File systems and I/O

The main OzSTAR filesystem is >5 Petabytes (approx 5 PiB) of diskspace in /fred. This filesystem has more than 30 GB/s of aggregate bandwidth. It is a Lustre + ZFS filesystem with high performance, reliability, and redundancy.

There are a few other smaller filesystems in the cluster. Of these, /home is cluster-wide like /fred and $JOBFS is on SSDs in each compute node. /home is a Lustre + ZFS filesystem and $JOBFS is XFS.

Local disks

Each compute node has 350GB of local SSD (fast disk) that is accessible from batch jobs.

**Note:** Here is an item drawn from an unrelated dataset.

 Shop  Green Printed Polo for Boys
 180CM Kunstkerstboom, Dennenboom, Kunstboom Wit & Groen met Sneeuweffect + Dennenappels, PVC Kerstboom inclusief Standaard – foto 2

If the i/o patterns in your workflow are inefficient on the usual cluster filesystems, then you should consider using these local disks.

The $JOBFS environment variable in each job points at a per-job directory on the local SSD. Space on local disks is requested from slurm with eg. #SBATCH --tmp=20GB. The $JOBFS directory is automatically created before each job starts, and deleted after the job ends.

A typical workflow that uses local disks would be to copy tar files from /fred to $JOBFS, untar, do processing on many small files using many IOPS, tar up the output, copy results back to fred.

OzSTAR also has 8 large NVME drives that are bigger and faster than these SSDs. Please contact hpc-support@swin.edu.au for information on how to access these.

Lustre

On OzSTAR, the two main cluster-wide directories are:

/home/<username>

and

/fred/<project_id>

/fred is vastly bigger and faster in (almost) every way than /home, but it is NOT backed up. /fred is meant for large data files and most or all jobs should use this.

/home is backed up. /home is meant for small source files and important scripts and input.

Once again - there is NO backup for /fred and the user must take responsibility for backing up any data that is important (to somewhere other than OzSTAR).

Typically projects will create directories for each of their members inside /fred/<project_id> (e.g. /fred/<project_id>/<username>). If a user is a member of multiple projects then they will have access to multiple areas in /fred.

Quota

Disk quotas are enabled on OzSTAR.

/home has a per-user limit of 10GB blocks and 100,000 files. This will not be raised. These numbers are set so that backups are feasible.

/fred has a per-project limit of 10TB blocks and 1M files. If you need extra storage, please contact hpc-support@swin.edu.au

Note that because of filesystem compression (see below) it's common to store more data than this and remain under quota. This is because quotas count only actual blocks used on disk.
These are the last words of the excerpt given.